Después de una Nochebuena con abundante comida
y bebida, miles de personas acudieron a reparar energías en las playas
del oeste, como Veracruz y San Carlos, y otras del interior del país, en
busca de esparcimiento.
Algunas familias asistieron a los
templos (católicos, protestantes, mormones y evangélicos) que existen en
este país, para participar de los servicios que realizan estas
instituciones para recordar el nacimiento de Jesuscristo, hace más de 2.000
años.
Para facilitar el descanso, el gobierno
panameño declaró feriado el próximo viernes, lo que prolongará el fin de semana
por cuatro días consecutivos, en las instituciones públicas y
privadas.
Aprovechando los días del prolongado descanso
que culminará el próximo lunes, numerosas familias viajaron al interior
del país, en una caravana de vehículos particulares y autobuses, para
visitar a sus familias y escapar de la rutina de la urbe.

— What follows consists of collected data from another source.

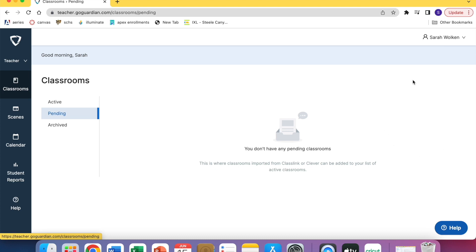You can accept the invite and that will automatically populate your classrooms. That's super cool because you don't have to worry about projecting a code or anything like that, but sometimes it takes a while for those to get loaded at the beginning of the year.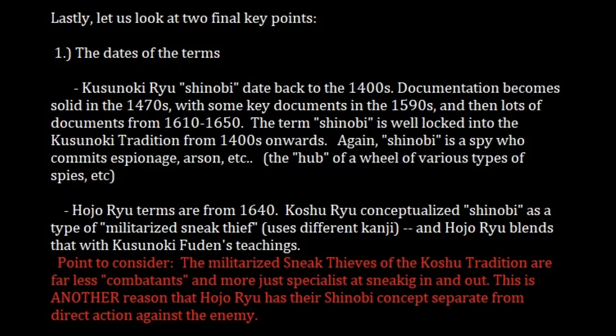Hopefully at this point you can start to see that there are two very different concepts of what Shinobi is, based on different traditions — the history and heritage of the tradition, the size of the force at play, and the complexity of the job expected of the Shinobi. These things create completely different definitions for Shinobi depending on which tradition is talking.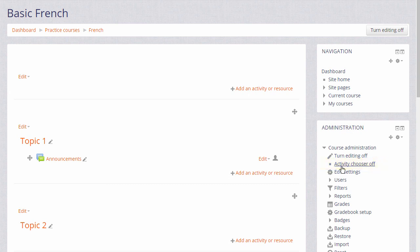In the next video we look at how you can change the name and the layout of your Moodle course.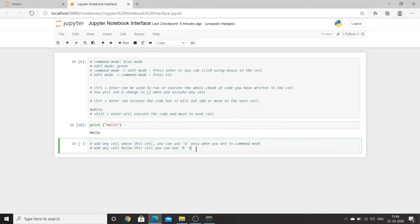This is the beginning where you learned simple print statements. In further lectures we will learn each and every detail in Python. For now, you understand how to use Jupyter Notebook, how to write your first code, and how to comment and document your code.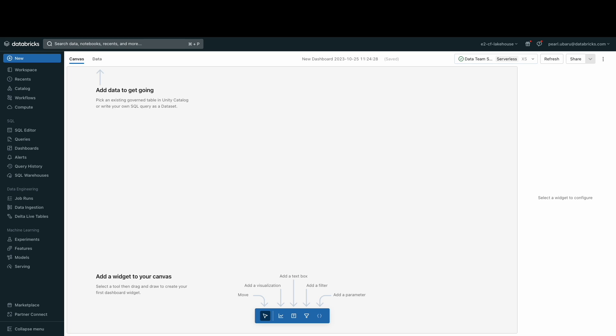Lastly, Lakeview dashboards are governed by Unity Catalog with lineage built in, so your consumers always know where the insights are coming from.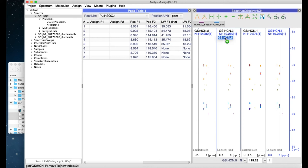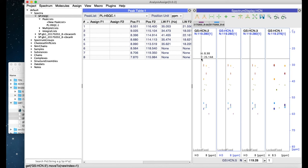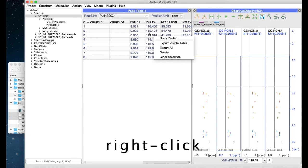The right-hand mouse menu is context-dependent, so it depends where in the program you click as to what the options will be. So just have a look and see what options you can find.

Ricardo Atencio, un padre de familia
capitalino, decidió pasar la Navidad acompañado de sus tres hijos, en la
zona recreativa de San Felipe, considerada patrimonio cultural de la
humanidad porque alberga edificios construídos durante la época colonial.
Antes de la medianoche del miércoles, los
centros comerciales y algunos edificios de la capital panameña lucían
grandes arreglos navideños acompañados de los tradicionales nacimientos, pinos
y Santa Claus (Papá Noé) de todos los tamaños.
Justo a las 12:00 de la noche, los 3,5 millones
de panameños participaron de la tradicional cena navideña, tanto en
los barrios pobres como en las zonas residenciales opulentas de las
diversas poblaciones de nación panameña.
El presidente Martín Torrijos, como hace todos
los años en esta fecha, envío un mensaje de solidaridad, esperanza y armonía
a todos los panameños.
Torrijos, quien estuvo acompañado de su esposa
y tres hijos, también se vistió del espíritu navideño repartiendo juguetes
a niños de la zona pobre del poblado Villa Carmen, en la costa
Atlántica panameña, ubicada a 80 kilómetros de la capital.